For months leading up to the recent Spring Forward Apple event in March, there were rumours of an expected MacBook Air with retina display. This would have been the absolute sweet spot for my needs. An 11” (or even 12”) retina screen would fix the one thing that makes buying a current MacBook Air not that enticing a prospect. I love the little form factor, and its weight makes it easy to throw the device in your backpack and head off into the world without the worry of a shoulder ache a few hours later. Admittedly the small screen gets a little cramped, but I’m not planning on editing any videos on the machine, so I’m sure it would be fine – plus the retina display would make things pin-sharp, mystically creating a sense of space in that small glowing rectangle.

So here I am, money in hand, waiting for the announcement so I can once again shed the shackles of Microsoft and return to the unibody embrace of the mighty fruit. Then it announces the MacBook.

new-macbook-2015

The MacBook?

Yes, it’s light – very light. Yes it has a retina screen. The price…well, that’s a bit high, but I can see how the engineering has pushed that up. The power…wait, a Core M CPU? That’s, well, not powerful…at all…but maybe Apple has tweaked it to boost the performance? There’s a new keyboard design? Ok, but it looks very, very shallow. The Trackpad is a new design too? Oh, and there are no ports except for one USB 3.1 type C – which is also where you plug it in to charge.

What just happened?

Surely this is a new class of machine, the ultra ultra portable, and now Tim Cook will announce the Air Retina? Yes?

No.

Instead there were minor spec bumps for the Air, and the same crappy screens remain. But, but, I have the money…I just want the machine to buy….I can’t go anywhere else…why are you doing this to me?!?!

It brought back memories of the time I had saved up for a new iMac, and eagerly awaited the announcement, only to be presented with the thin new design that could only be upgraded at the point of purchase, thus adding a far slab of cash on top of the price, taking it out of my grasp. In the end I bought a Mac Mini, which has been fine, but the sting is still there.

Schiller iMac

Now it’s happening again.

Yes I could move up the chain and buy a MacBook Pro, but that’s more than I need (I’m never going to use those Thunderbolt ports), and the weight is a fair bit more than the 11” Air. All I wanted was a retina screen in the little Air…hell, a HD screen and IPS panel would have done the trick.
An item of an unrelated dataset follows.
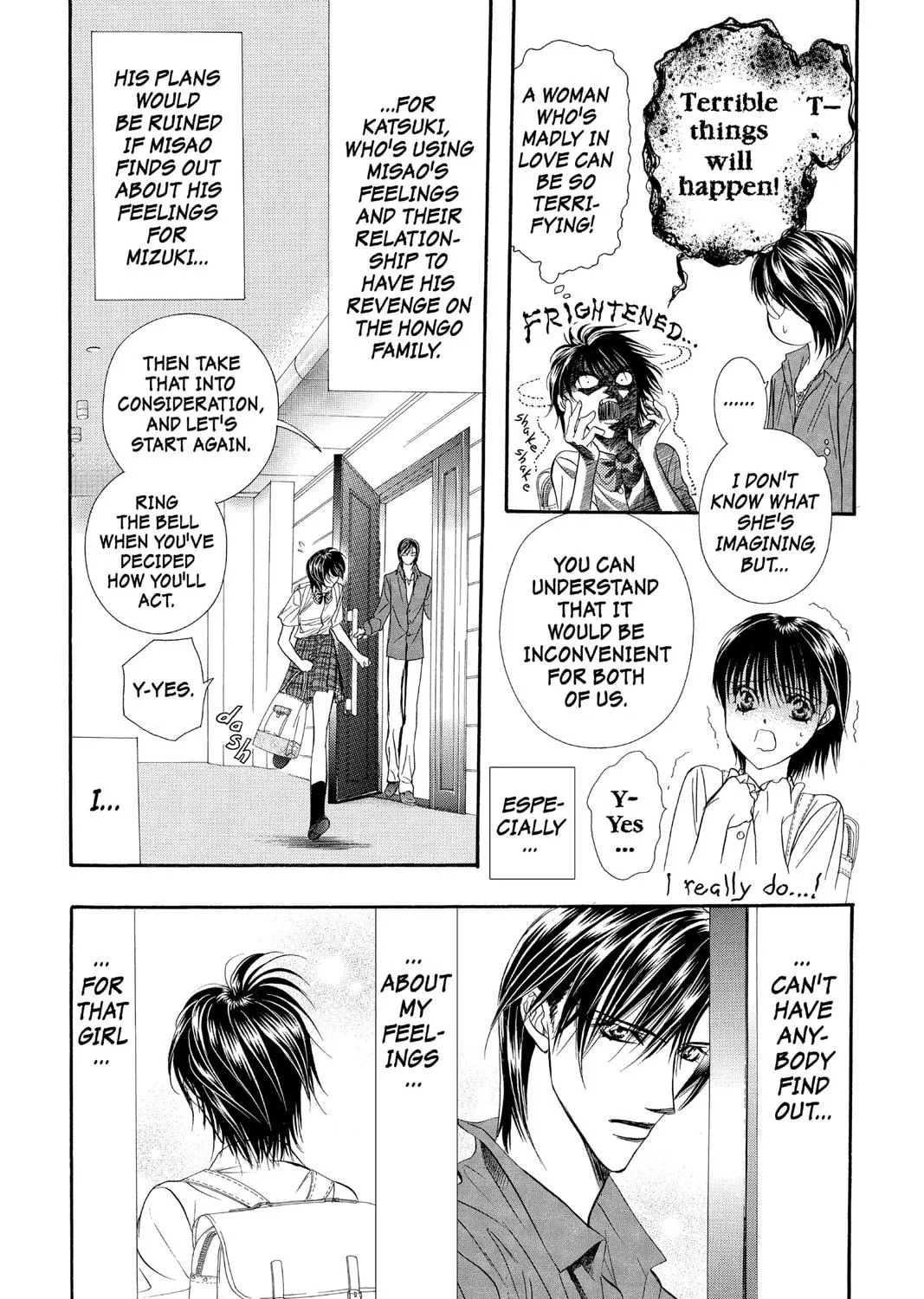 Read Skip Beat! chapter 69 image 10 on Lezhin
Why can’t that be done, especially when sub £300 Chromebooks can manage it?

Yes the new design is pretty, and it comes in black, which is awesome, but I like the existing keyboard and trackpad just fine. All it needed was the screen.

Life with Apple used to be so simple. Each machine was great, and you could upgrade it yourself to save a few pounds and extend the working life. Now, well, it’s getting where I’m screaming at the Apple web-store in frustration, rather than my Windows machine. I guess I’ll just have to wait a couple of generations and then get ready to buy the matured MacBook, but of course Apple will be waiting, hands clasped firmly on that rug, ready to pull it hard once more.

Bugger.

Living with the… Google Chromebook

Ever since Google announced their first Chromebook laptops back in 2011 I’ve been fascinated by the idea. Computers that eschew the storage of data locally, but instead embrace the cloud in all its metaphorical glory. The idea makes sense to me, is workable for me, in fact it’s actually preferable to me. The only problem is that the hardware up until now has been, well, rubbish.
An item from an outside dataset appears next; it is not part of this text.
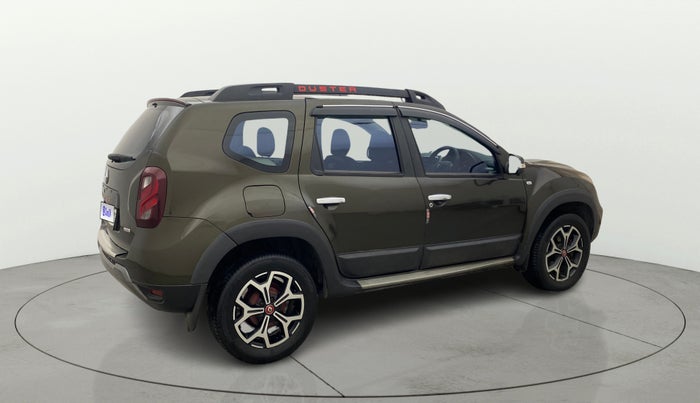 2021 Renault Duster RXZ 1.3 TURBO PETROL MT, Petrol, Manual, 1,12,040 km, Right Back Diagonal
Samsung's first Chromebook attempt. Naughty Samsung!
Samsung’s first Chromebook attempt. Naughty Samsung!

I had the chance to road-test Samsung’s initial Series 5 offering , and although I could see the potential in the system there was an undeniable lack of build quality or speed in that machine. Not the best way to promote a concept that many people still maintain as kind of pointless.
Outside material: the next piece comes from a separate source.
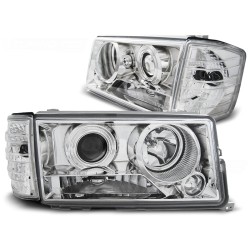 MERCEDES W201/190 82-93 - přední chrom světla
If you’ve never used a Chromebook, or indeed haven’t even heard of them before now, then they might sound a little odd. Essentially they are computers that do pretty much everything online. Most of us are familiar with Google Chrome, which has grown in popularity over the past few years to become one of the world’s most used browsers. The Chromebook does everything through Chrome, making the laptop similar to the old fashioned terminals that used to access mainframes in the 90s. All your data is stored online, as are the programs you run. This means you can’t lose your valuable thesis or family photos if you accidentally run over your laptop with a tractor – a very common complaint – as the information is safely nestling in the warm bosom of Google who, let’s be honest, are far more likely to perform regular backups than we are. This also means that you are free to log into your Google account from any computer, work on any project you like, then when you return to the Chromebook all the changes will be included.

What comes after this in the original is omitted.